OpenAI confirmed on Friday that it is delaying the public release of its next-generation AI model, GPT-5.6, at the request of the Trump administration. The company said it will first share the models with a small set of preapproved customers, which will be vetted by the US government. It will then work with the administration to gradually expand access. OpenAI expressed dissatisfaction with the delay but believes it is temporary, aiming to make GPT-5.6 available to the public in the coming weeks.
The Trump administration’s request for OpenAI to stagger the release of its AI models follows an executive order signed earlier this month to address cybersecurity concerns related to powerful AI models. The order called for a voluntary process for AI labs to share models with the government 30 days before broader release. However, OpenAI executives stated that no such framework exists yet, leaving frontier AI labs in an uncertain interim period. The White House is seeking to collaborate with these labs to address cybersecurity risks while balancing regulatory concerns.

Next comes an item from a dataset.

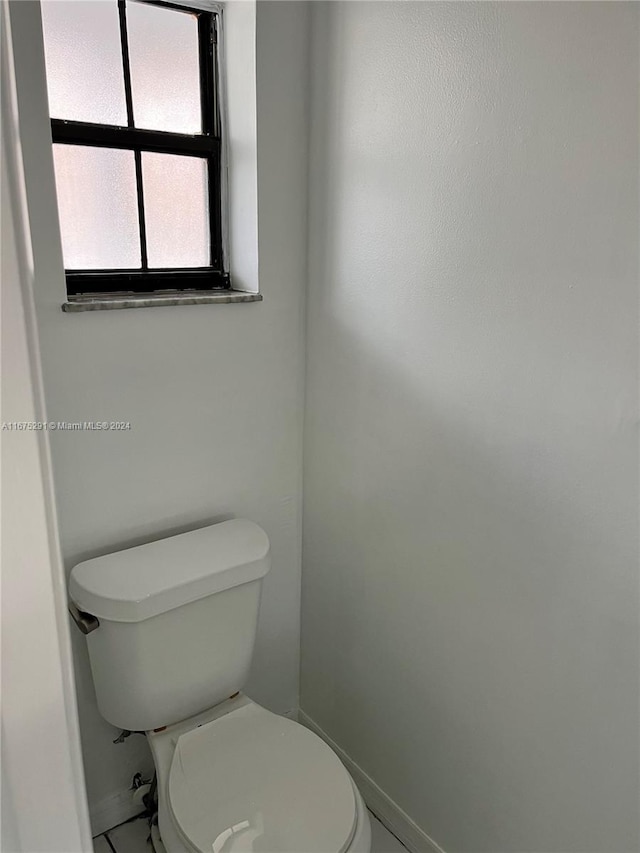bathroom with toilet and baseboards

OpenAI plans to broaden the list of customers it can share GPT-5.6 with next week, including some international partners. The company emphasized that it cannot disclose how the White House approves these customers, only that it sends a list and receives feedback. GPT-5.6 will be released in three versions: Sol, the most capable; Terra, a middle-tier option; and Luna, a fast and affordable version. The company claims GPT-5.6 Sol is its most capable model yet on cybersecurity, biology, and agentic abilities, supported by a 'layered safeguard stack' to prevent malicious use.